In particular embodiments, memory 2204 includes main memory for storing instructions for processor 2202 to execute or data for processor 2202 to operate on. As an example and not by way of limitation, computer system 2200 may load instructions from storage 2206 or another source (such as, for example, another computer system 2200) to memory 2204. Processor 2202 may then load the instructions from memory 2204 to an internal register or internal cache. To execute the instructions, processor 2202 may retrieve the instructions from the internal register or internal cache and decode them. During or after execution of the instructions, processor 2202 may write one or more results (which may be intermediate or final results) to the internal register or internal cache. Processor 2202 may then write one or more of those results to memory 2204. In particular embodiments, processor 2202 executes only instructions in one or more internal registers or internal caches or in memory 2204 (as opposed to storage 2206 or elsewhere) and operates only on data in one or more internal registers or internal caches or in memory 2204 (as opposed to storage 2206 or elsewhere). One or more memory buses (which may each include an address bus and a data bus) may couple processor 2202 to memory 2204. Bus 2212 may include one or more memory buses, as described below. In particular embodiments, one or more memory management units (MMUs) reside between processor 2202 and memory 2204 and facilitate accesses to memory 2204 requested by processor 2202. In particular embodiments, memory 2204 includes random access memory (RAM). This RAM may be volatile memory, where appropriate. Where appropriate, this RAM may be dynamic RAM (DRAM) or static RAM (SRAM). Moreover, where appropriate, this RAM may be single-ported or multi-ported RAM. This disclosure contemplates any suitable RAM. Memory 2204 may include one or more memories 2204, where appropriate. Although this disclosure describes and illustrates particular memory, this disclosure contemplates any suitable memory.

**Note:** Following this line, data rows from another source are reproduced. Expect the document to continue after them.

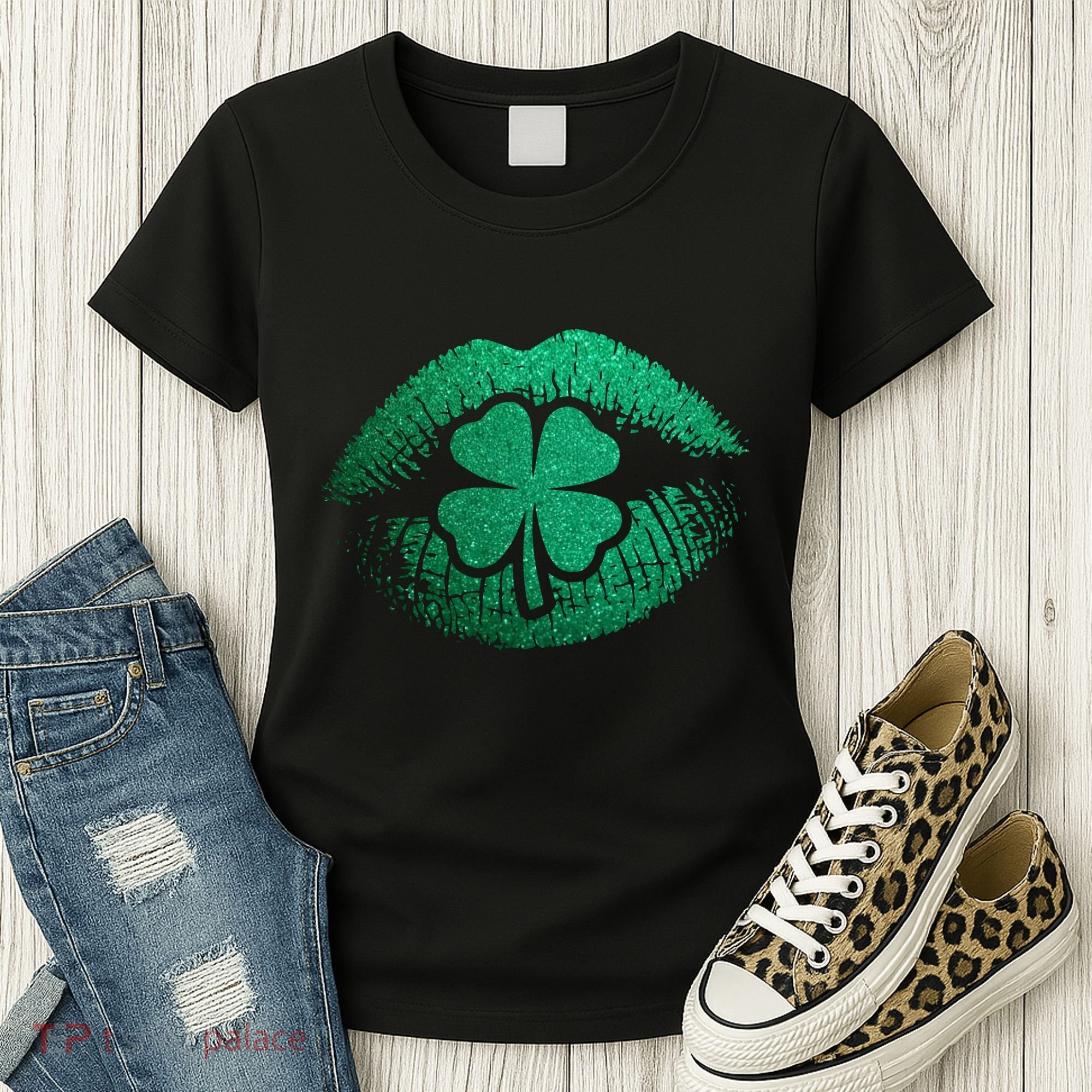 St PatrickS Day Irish Leaf Clover Lips Women's T-Shirt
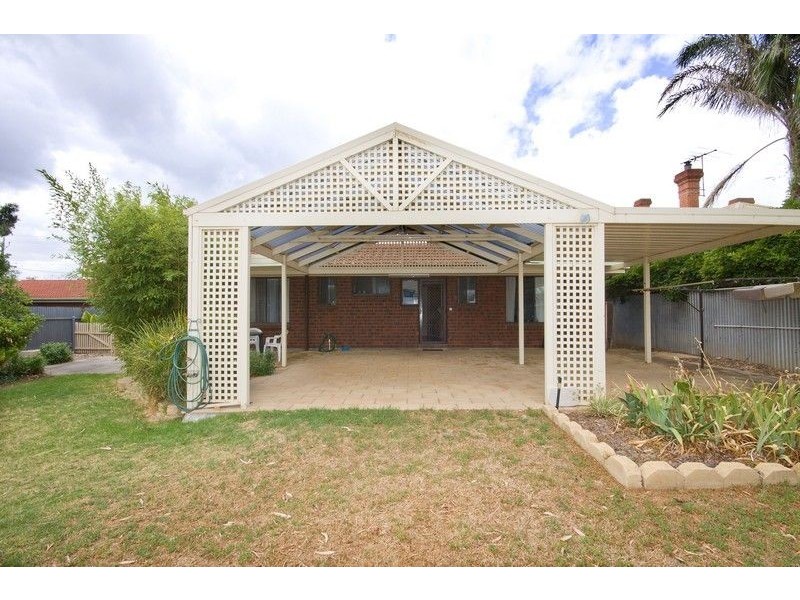 14 Township Road, Marion SA 5043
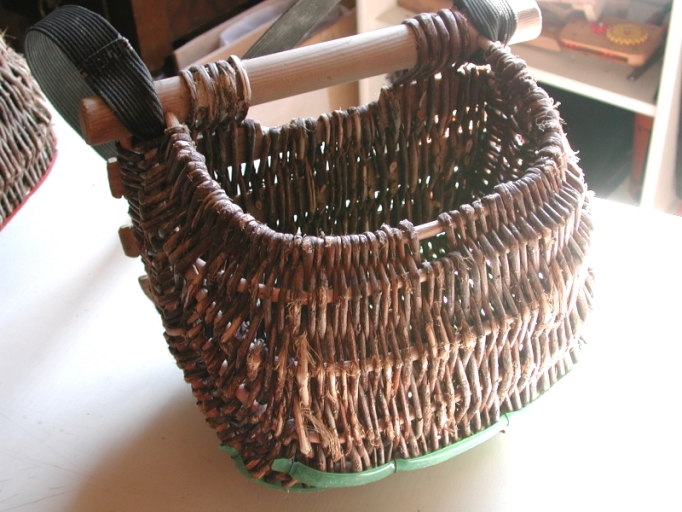 Hotte de pêche en osier brut pour poissons et crevettes grises (Jean Aubry)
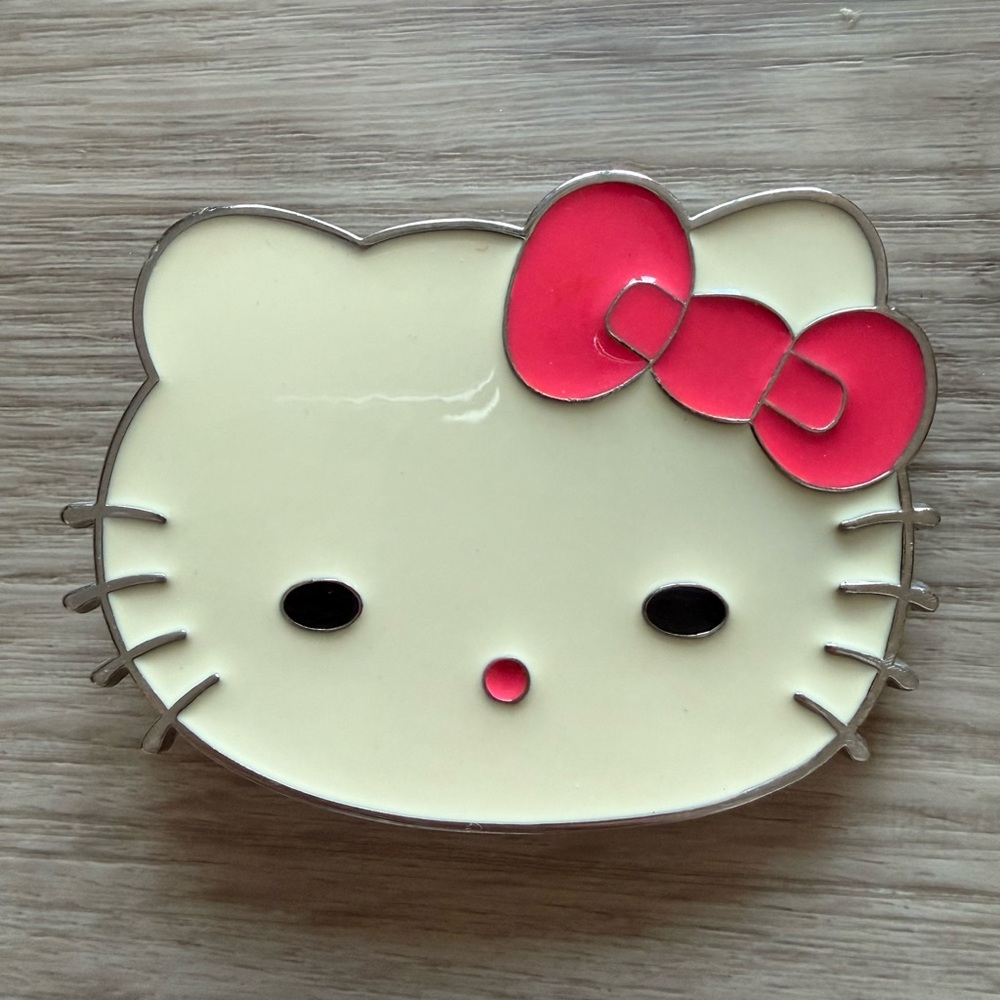 Hello Kitty White and Pink Belt Buckle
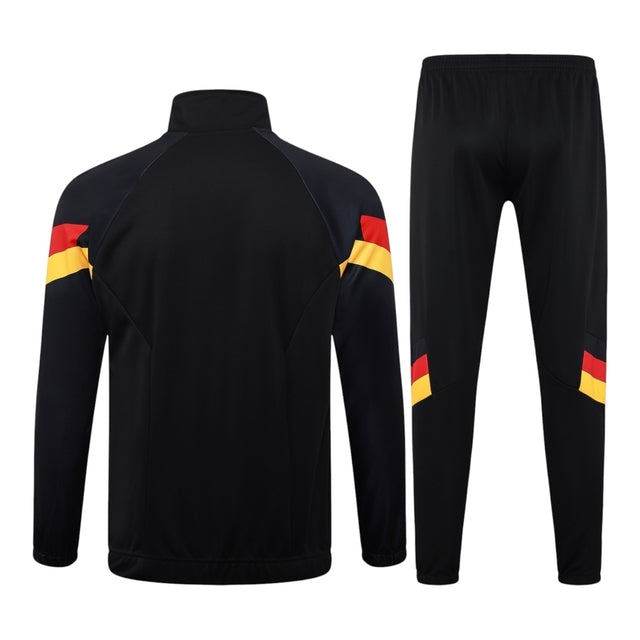 Conjunto Seleção Alemanha I 24/25 - Masculino Adidas - Preto com detalhes em amarelo e vermelho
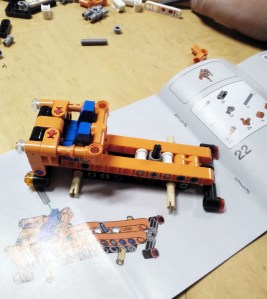Taller Robòtica Mecànica LEGO Technic WeDo Extraescolars STEAM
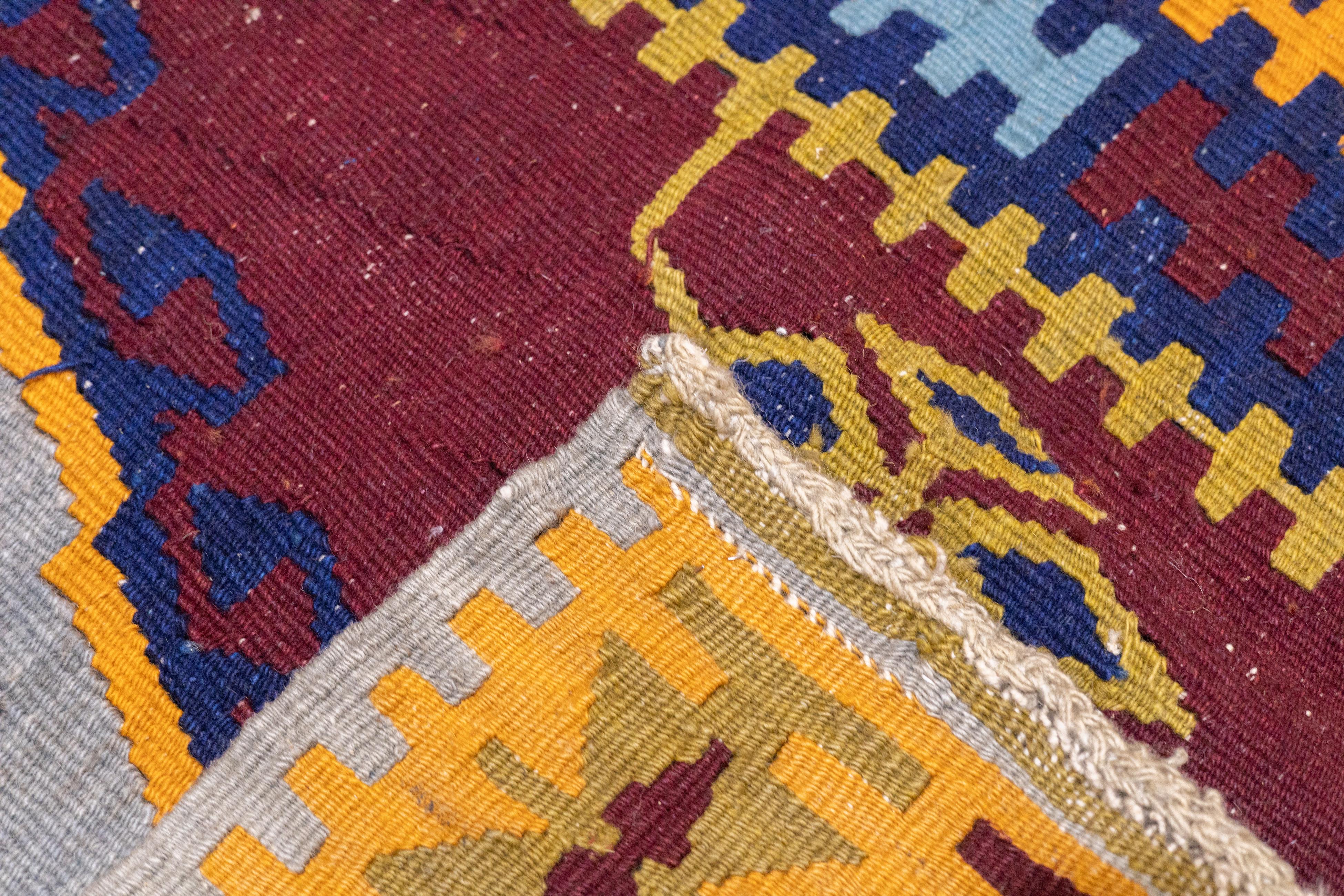 Fina Alfombra de Lana Kilim Turca Vintage de Anatolia 3'6'' x 4'10'' en venta 6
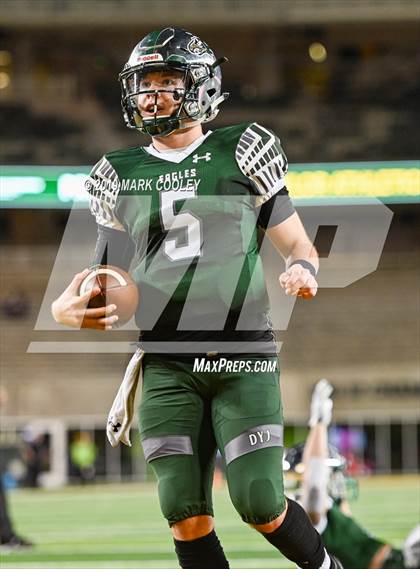 Thumbnail 2 in Prosper vs. The Woodlands (UIL 6A Regional Semifinal) photogallery.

In particular embodiments, storage 2206 includes mass storage for data or instructions. As an example and not by way of limitation, storage 2206 may include a hard disk drive (HDD), a floppy disk drive, flash memory, an optical disc, a magneto-optical disc, magnetic tape, or a Universal Serial Bus (USB) drive or a combination of two or more of these. Storage 2206 may include removable or non-removable (or fixed) media, where appropriate. Storage 2206 may be internal or external to computer system 2200, where appropriate. In particular embodiments, storage 2206 is non-volatile, solid-state memory. In particular embodiments, storage 2206 includes read-only memory (ROM). Where appropriate, this ROM may be mask-programmed ROM, programmable ROM (PROM), erasable PROM (EPROM), electrically erasable PROM (EEPROM), electrically alterable ROM (EAROM), or flash memory or a combination of two or more of these. This disclosure contemplates mass storage 2206 taking any suitable physical form. Storage 2206 may include one or more storage control units facilitating communication between processor 2202 and storage 2206, where appropriate. Where appropriate, storage 2206 may include one or more storages 2206. Although this disclosure describes and illustrates particular storage, this disclosure contemplates any suitable storage.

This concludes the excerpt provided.